Regarding true statements that contradict logic, one might argue that quantum superpositioning may provide examples. Superpositioning is a phenomenon that is supported by experimental evidence, but it certainly appears to be illogical to assert that a particle can be simultaneously in two different states or two different locations. Having said that, it may follow logically from the formalism of quantum theory that superpositioning is a logical necessity. I'm not a physicist, so I'm not entirely sure.
Perhaps you mean: "Can there be undemonstratively true truths?"
Aristotle, when resolving the infinite regress problem, shows, against those who believed no or all truths are demonstrable, that there are some truths which cannot be demonstrated to be true. Thus, Aristotle could be considered a precursor to Gödel.
See
Aristotle's Posterior Analytics bk. 1 ch. 3-4 (72b5-24)
St. Thomas Aquinas's Expositio Posteriorum, lib. 1 l. 7 et 8
Truth is a property of propositions. A proposition is true if it refers to a fact. Hence truth is a relation between a proposition, a sentence from language, and a fact, a component of the real world.
This kind of truth bears no relation to logic. Whether a single proposition is true or not, cannot be decided by logic. As an example take the proposition "On 1.1.2016 it rained in Manhattan."
On the other hand - and now without looking at the physical world -, one can investigate logical relations between different propositions. E.g., if a proposition is true for all objects of a certain kind, then the proposition remains true when restricted to one particular object. Textbook example: "All humans are mortal." "Socrates is a human." Hence "Socrates is mortal."
According to classical logic it is not possible that two propositions are true if they contradict each other (law of non-contradiction).
Can something be true ... if I can't deduce it logically
Logic in one sense, is truth-preserving; hence it isn't the art or techne by which finds out new truths, or how truths we now hold were first discovered.
This, for example, in Badious philosophy is the role of Love, Art, Science and Politics.
Can something be true ... if it's illogical ... or contradictory
This is the position of dialethism, which holds that there are such things as true contradictions; a position which is more common in Eastern philosophy than Western - for example, see Nagarjunas use of the cakaskoti however Graham Priest is a modern exponent of this, which should be carefully distinguished from his advocacy of non-classical logics, including notions of paraconsistency.
It can be true even if it does not follow logic. Because logic does not cover all aspect of life. The best explanation for logic is, discovering links between two things.
Let us say there exist some thing which you never experienced in real life.
How will you treat the event? Do you really do all logical mind kung fu or treat it as broadening of your awareness?
Logic won't cover every thing unless you know everything which is kind of paradox in itself.
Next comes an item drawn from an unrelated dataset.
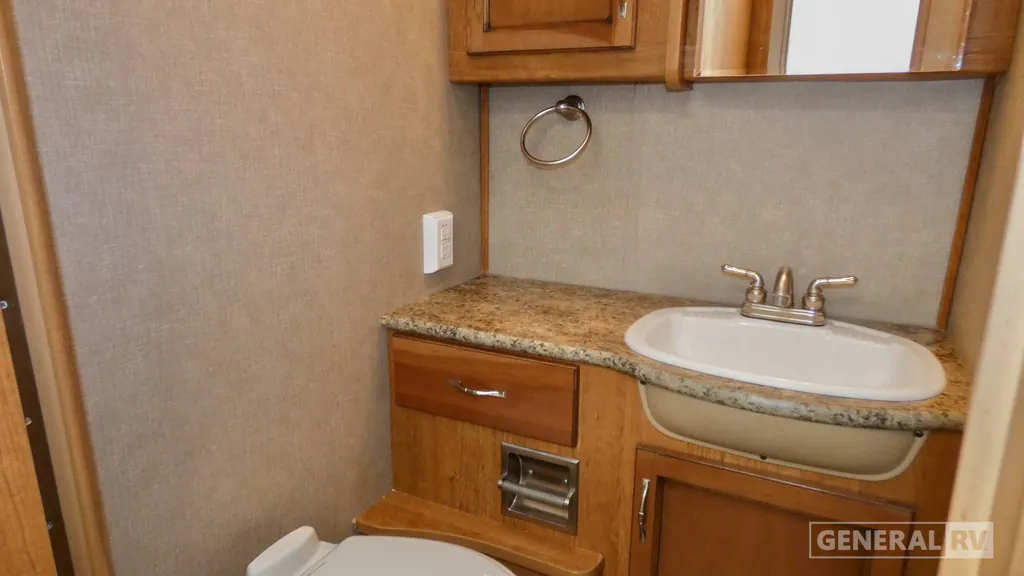 2016 Fleetwood Flair 26D, Photos photo 21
It is the main reason why Indian philosophies look different from western point of view.
It is perfectly possible to come to truthful conclusions while the logical arguments upon which those conclusions are flawed.
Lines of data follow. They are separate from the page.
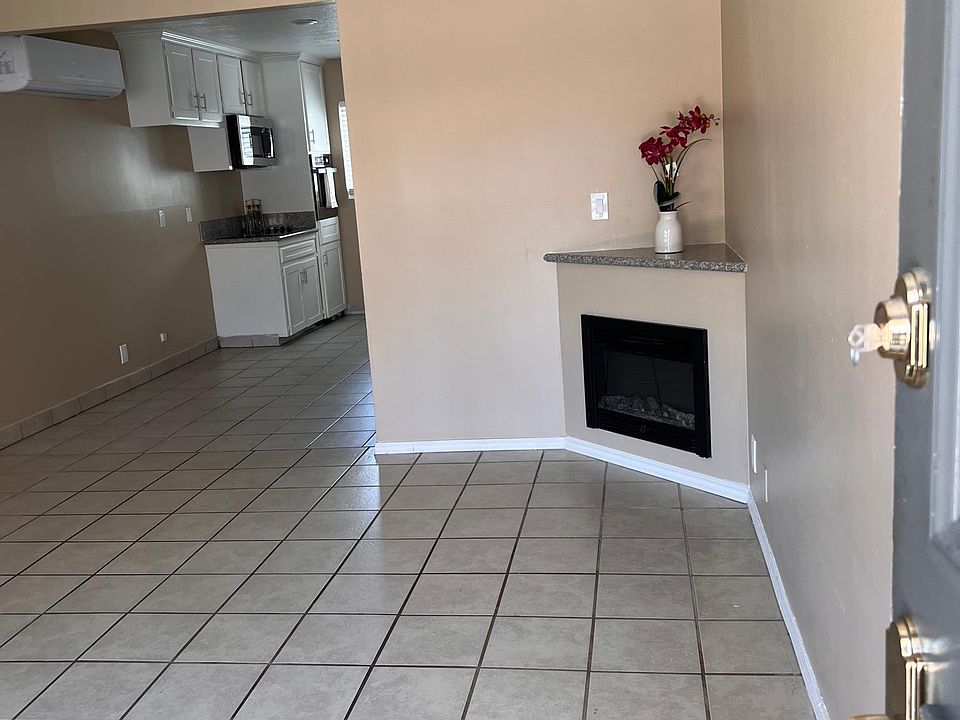 1st image of 372 N Vecino Dr #3
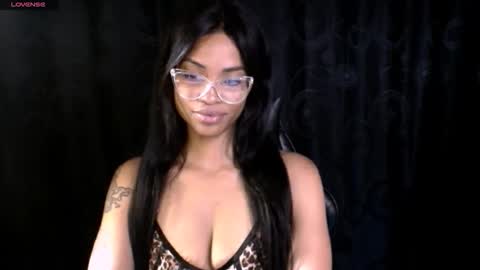 Snapshot of queendom_ing chatting on June 6, 2026, 1:54 am Sweet Goddess online show from June 6, 2026, 1:54 am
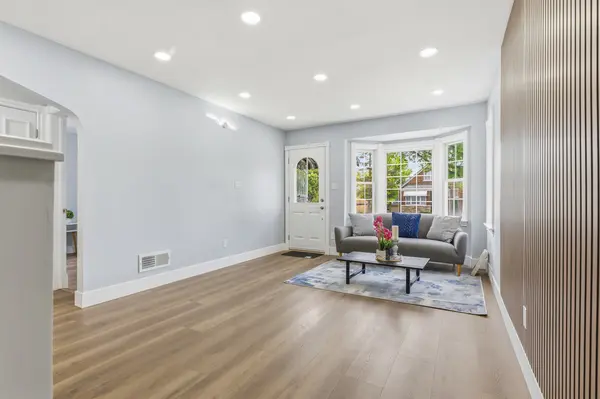 3221 N Opal AVE, Chicago, IL 60634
Herebelow are three examples of basic propositional logic where the conclusion is correct but something is wrong in the logical argumentation for it.
Sven is a man.
All men have mustaches.
The logical conclusion of propositions (1) and (2) would be that Sven has a mustache.
Now, Sven indeed does happen to have a mustache. However, not all men have mustaches. In this example, proposition (2) is wrong, yet the conclusion based on both propositions happens to be correct.
Consider the following propositions :
Heidi is a man.
All men have breasts.
The logical conclusion of propositions (1) and (2) would be that Heidi has breasts.
Now, Heidi indeed does happen to have breasts. However, she isn't a man. Neither do all men have breasts. In this example, both proposition (1) and (2) are wrong, yet the conclusion based on those propositions happens to be correct.
Sven is a man.
Some men have mustaches
You cannot conclude based on propositions (1) and (2) that Sven has a mustache. Drawing that conclusion based only on those two propositions would be a logical error. However, it just happens to be the case that Sven has a mustache.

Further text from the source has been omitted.